◆ Data block
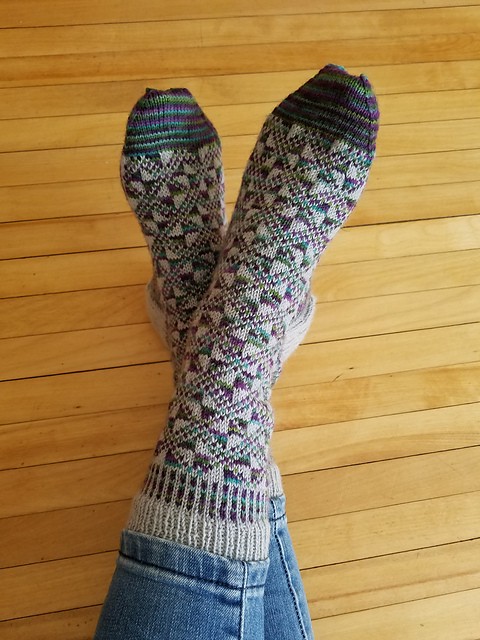 Feet wearing gray and purple variegated hand knit colorwork socks on wood background
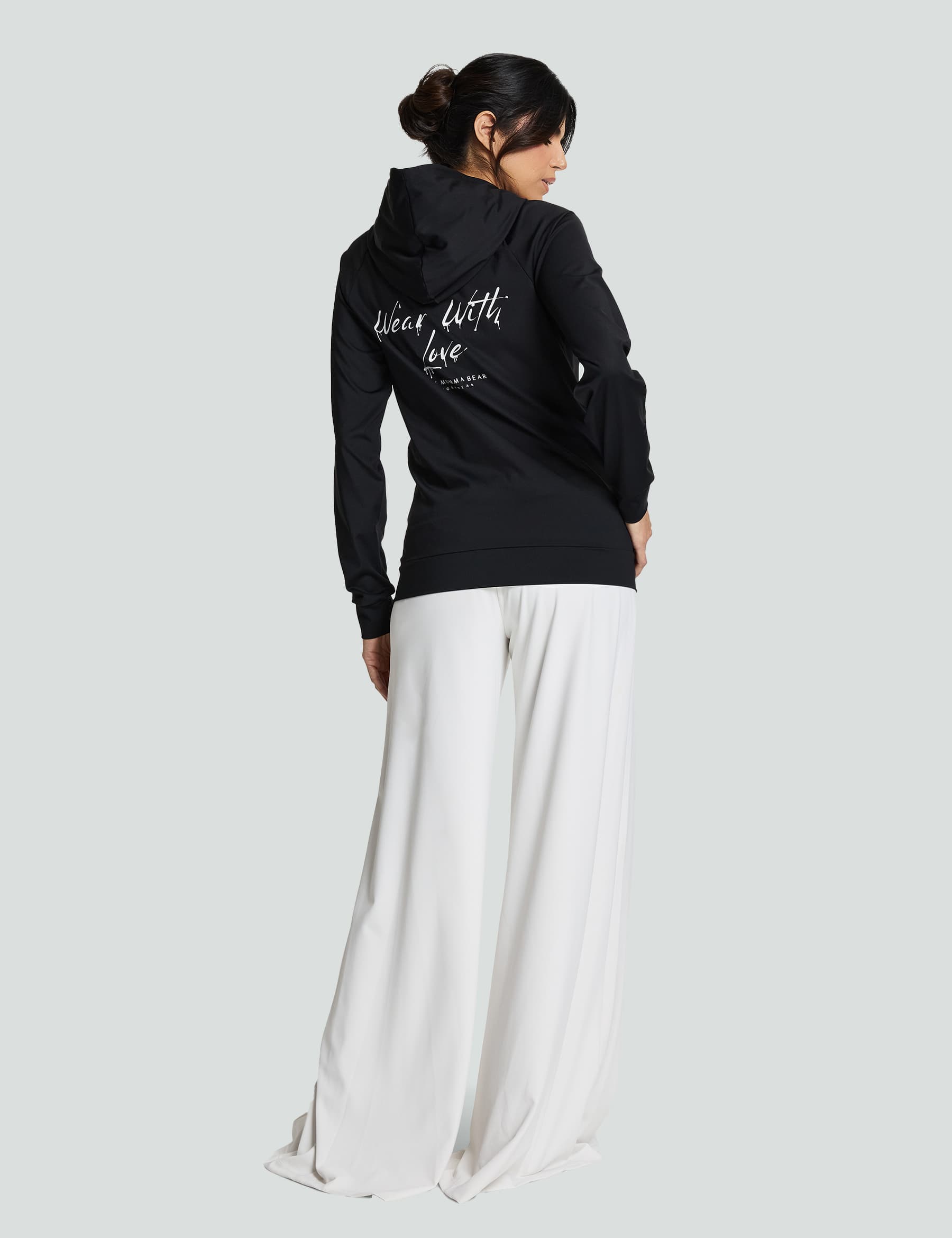 Woman wearing a black hooded sweatshirt with 'Designed with love' text, paired with white wide-leg pants.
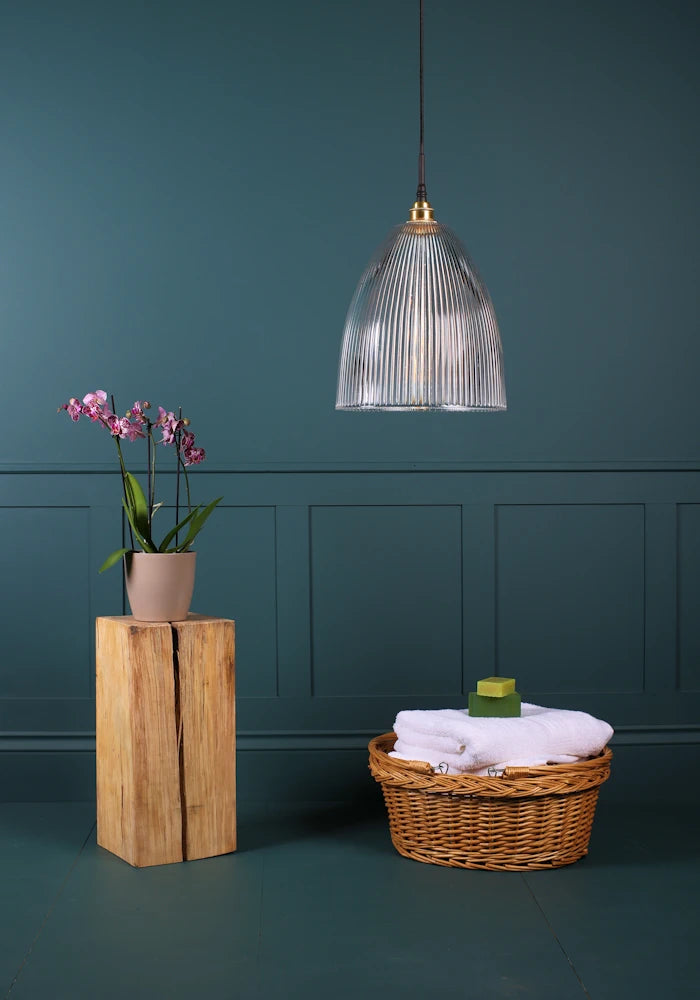 Large bell shaped ribbed glass bathroom pendant light switched off with pink flowers and basket with towels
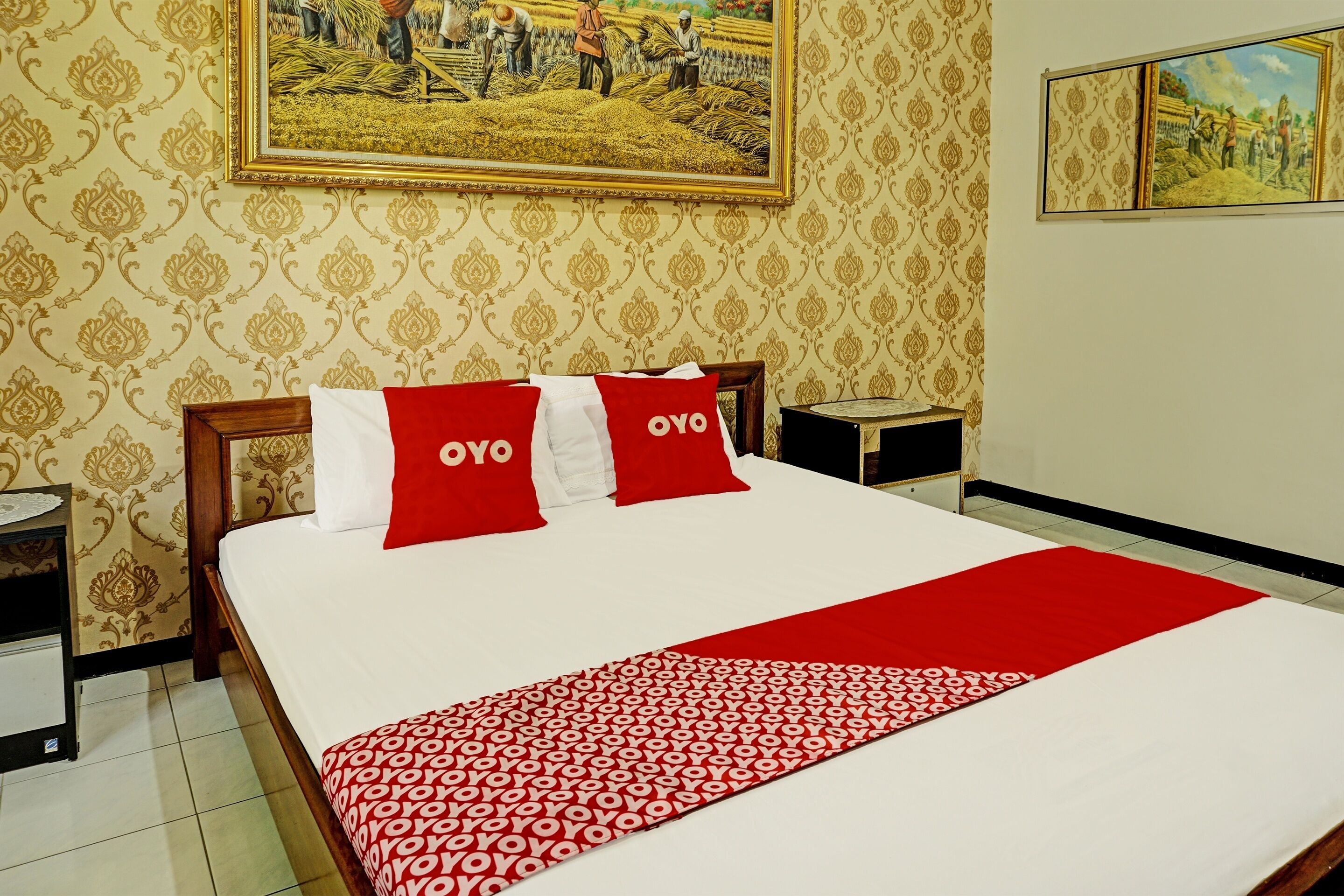 A hotel room with a large bed, two nightstands, a red and white patterned throw, and two pillows with the text "OYO".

◆ Task statement
Skip every picture and return the lines above from the top through the one that contains "Large bell shaped".

◆ Exercise output
 Feet wearing gray and purple variegated hand knit colorwork socks on wood background
 Woman wearing a black hooded sweatshirt with 'Designed with love' text, paired with white wide-leg pants.
 Large bell shaped ribbed glass bathroom pendant light switched off with pink flowers and basket with towels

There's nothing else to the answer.